Governments who had already been adopting emerging technologies such as remote sensing and IoT, were able to manage public utility services amid complete lockdowns, ensuring basic city services such as electricity, water and sanitation was kept up and running.

Going digital holds many benefits, but it needs to go hand-in-hand with socioeconomic and inclusive development. This is one of the topics being discussed in the upcoming Horasis India Meeting, being held between 25 to 26 September, 2022 in Vietnam. The themes discussed in the meeting will center around geopolitics, impacts of COVID-19, and the pressures being faced by global and national economies. The event will have 300 of the most senior members of Horasis, suggesting ways in which developing economies—particularly India and Vietnam—can realize a sustainable and resilient future.

Driving Innovations

Indian telecom giant Reliance Jio is planning to roll out 5G networks across the country within two months, for which it has dedicated US$25 billion. India kicked off its 5G auction, with two major telecom contenders – Reliance Jio and Bharti Airtel winning the lions share. Former CEO of Bharti Airtel, Sanjay Kapoor, believes that India will need to invest heavily in 5G infrastructure. Presently India has only about 250,000 fiberized sites dedicated to each operator, which will not be enough to make 5G coverage reach far corners of the country. He added, “to the time when we really can boast about giving a great customer experience, I think we are two, three years away.”

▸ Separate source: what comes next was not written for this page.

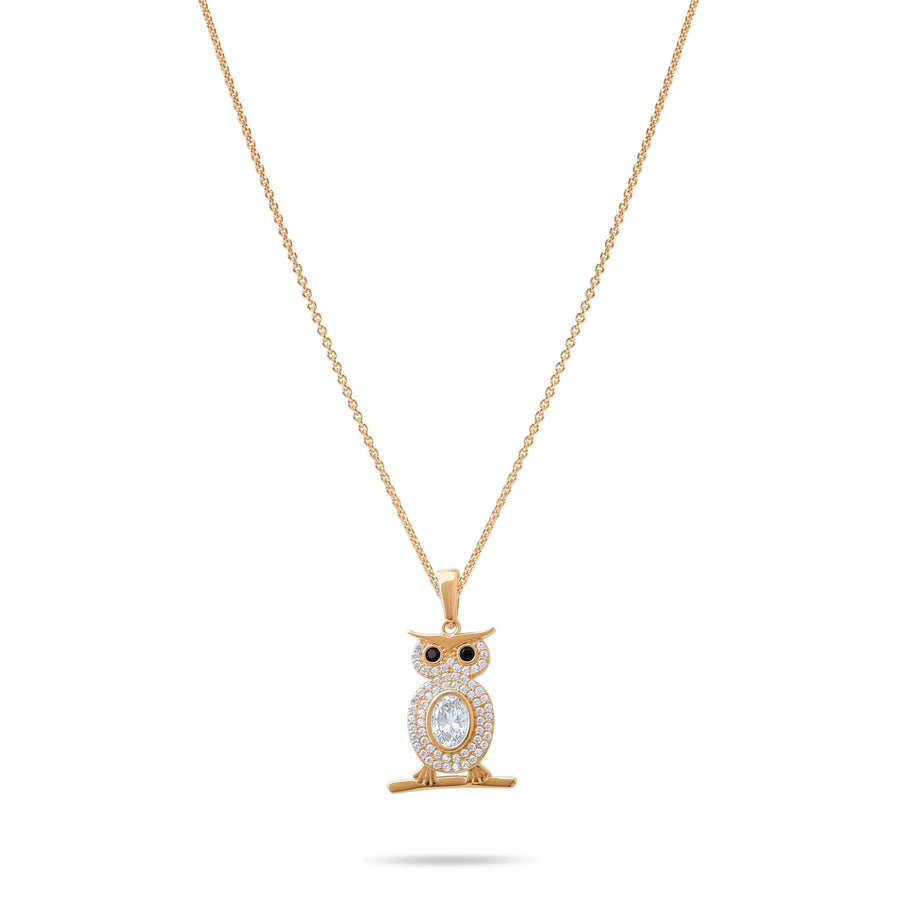 14ct Gold Owl Pendant – Sparkling Cubic Zirconia Jewellery, Owl Charm, Gift for Women - Pendant Only - Kolié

In 2020, the Indian government laid out a plan to invest around US$477 million to boost AI, IoT, Big Data, cybersecurity, machine learning and robotics. One such initiative was an Indian state government’s collaboration with Intel India to form an AI research centre, INAI (Intel AI). The centre focuses on solving challenges in India’s healthcare and smart mobility segment. To date the centre has accomplished understanding severe diseases such as dementia, cancer, strokes and healthy ageing using deep learning models.

The government is also asking the National Council of Educational Research & Training to introduce AI introductory courses at secondary level in schools. The CBSE (Central Board of Secondary Education) has already introduced AI as a subject in higher secondary classes in Indian schools. “All AICTE approved institutions have been suggested to offer Artificial Intelligence as an elective in B.Tech. courses and also start B.Tech courses in Artificial Intelligence and Data Science to augment the human resource in Artificial Intelligence and Data Analytics.”

Scope for Collaboration

Both India and Vietnam have much to benefit by collaborating in different areas. The countries have signed an MoU on bilateral cooperation in information technology and electronics. This will help create more channels to promote trade and investment between firms of the two countries. Additionally in August 2021, India provided non-refundable aid of US$5 million to Vietnam in facilitating high-quality human resources development, notably in IT and foreign languages.

In an interview with Economic Times, President of Vietnam, Vuong Dinh Hue had this to say about India: “In future, the two sides need to intensify investment promotion activities, promote the investment climates of the two countries to potential partners, explore investment cooperation opportunities and share experience in new areas, namely digital transformation, digital economy, IT, and application of new technology for the development of high-quality human resource needed for the Fourth Industrial Revolution.”

Photo Caption: 5G networks hold the key to unlock the potential of emerging technologies.